Due to today's lack of major stories relating to the renewable energy sector in the UK I thought I would give my opinion on a story I read in the Guardian last weekend. This article dealt with a new idea to generate electricity using the kinetic energy in traffic by utilising updated speed bumps. This seems like a very good idea on the face of it.


However, one has to question where these will be sited. It is a fact of physics that energy cannot be created or destroyed, and so the energy from the electricity will have to come from the vehicles passing over the new devices. As such the vehicle will lose energy (presumably in the form of speed) whilst it travels over the speed bump, and so if the driver wishes to maintain the speed it will need to increase fuel consumption. As a result there is the potential that siting these will result in increased fuel usage in the vehicles to allow the electricity to be generated. It would also be the case that this would be a very inefficient way of generating electricity, since the internal combustion engine in the vehicle is less efficient than even fuel oil fed conventional power stations, and on top of this there are the inefficiencies in associated within the speed bump.

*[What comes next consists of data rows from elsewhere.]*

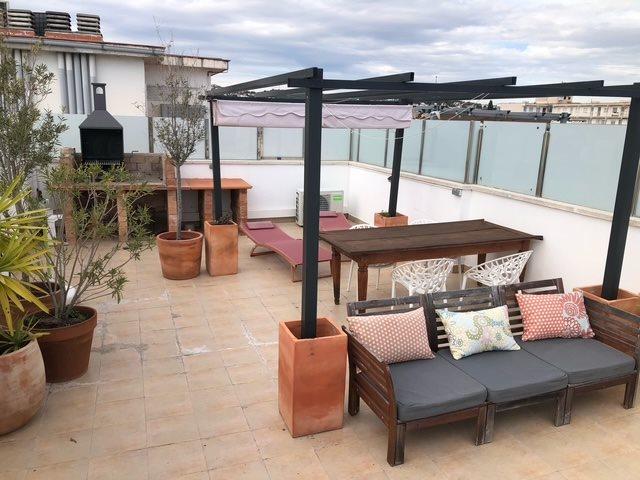 Ático con terraza privada de 50 m² y vistas al mar a 50 m de. 127m² Segur de Calafell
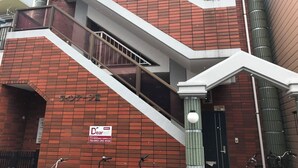 Een gebouw van rode bakstenen met een trap naar een hoger gelegen verdieping.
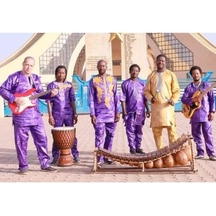 Mamadou Diabaté & Percussion Mania očarují kouzlem afrických rytmů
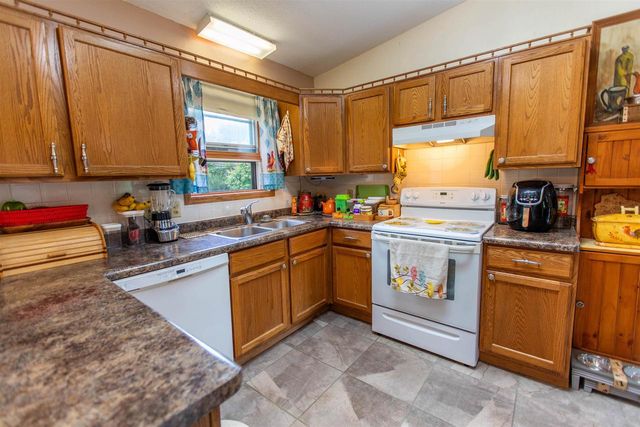 100 Jentz Drive, Potosi, WI 53820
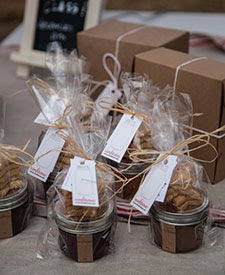 Make your own holiday gifts at the Sustainable Food Center.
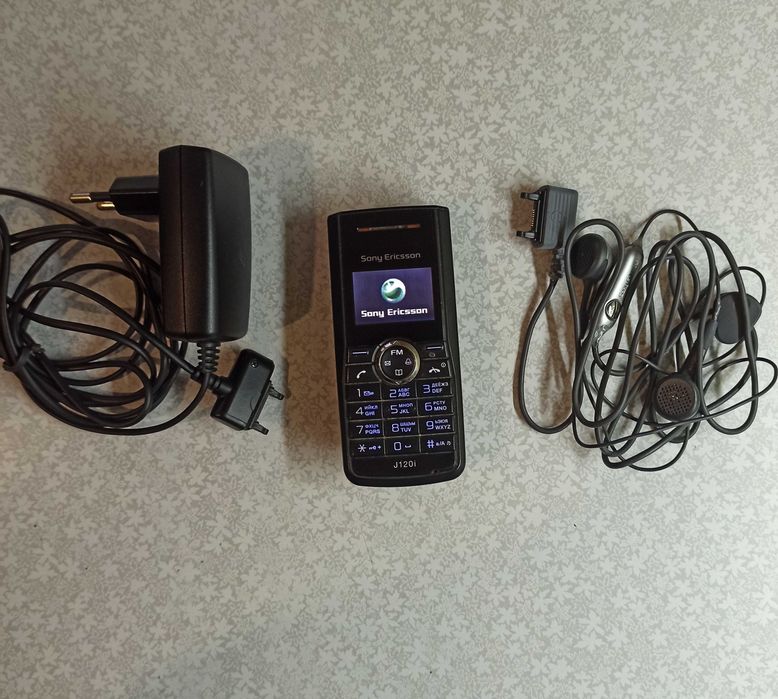 телефон Sony Ericsson J120i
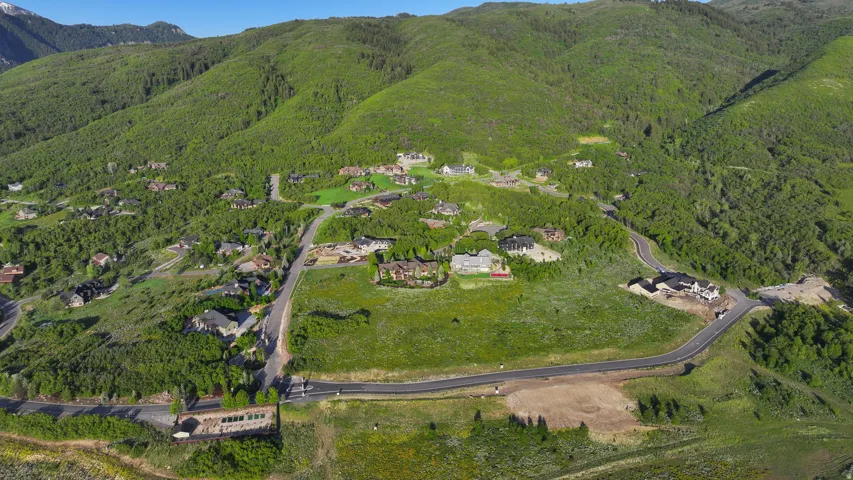 1172 N Valley Dr, Eden, Utah 84310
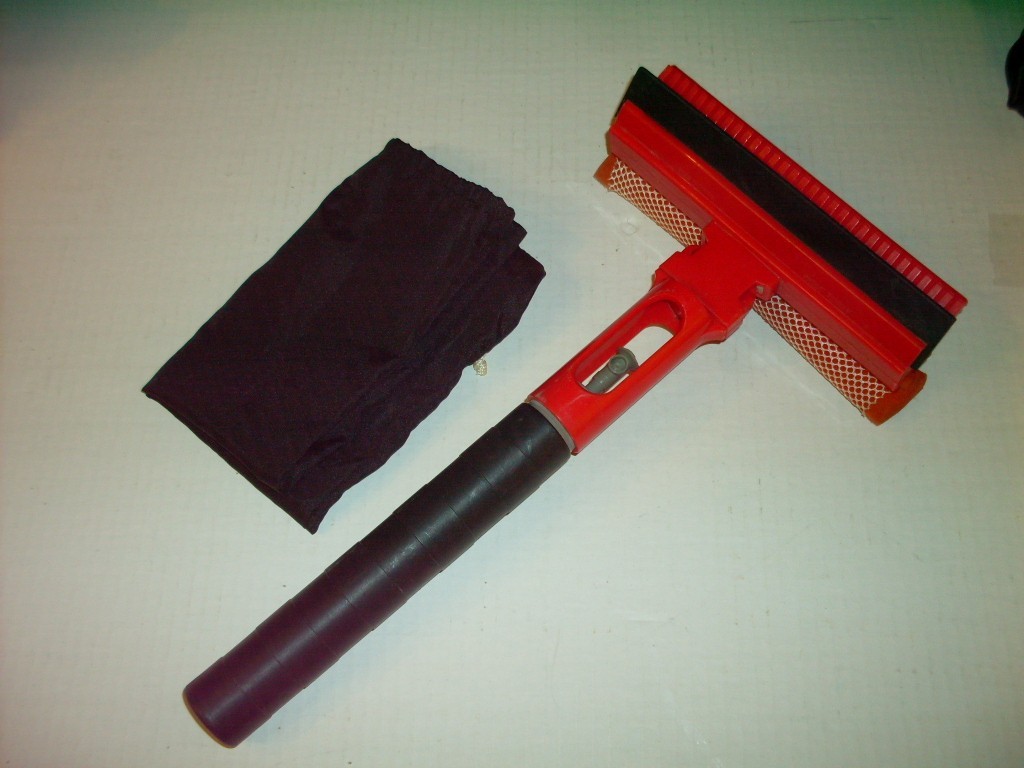 Windshield Sponge/Squeegee with Attached Cleaner Spray-reservoir and Travel bag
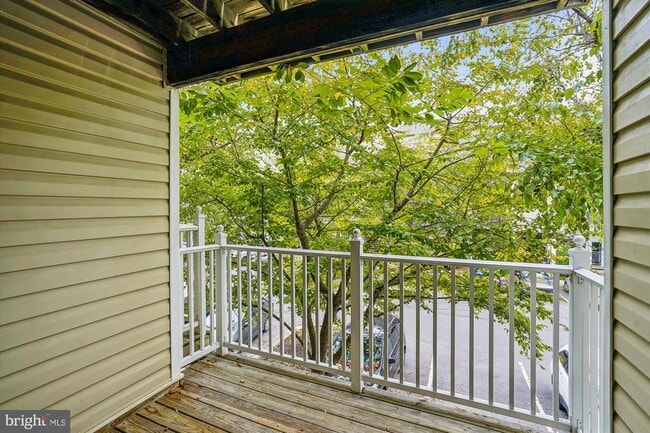 Building Photo - 333 Prettyman Dr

I do appreciate however that since the idea of a speed bump is to slow the traffic down this could be a good thing, especially if the bumps were tuned so that they only took energy out of the traffic when it was above a certain speed. In these cases it would be good, and for this reason i could see these being particularly useful in areas where braking is happening, such as at the bottom of long hills and also on stretches of roads where it can be determined the drivers will slow down after the speed bumps.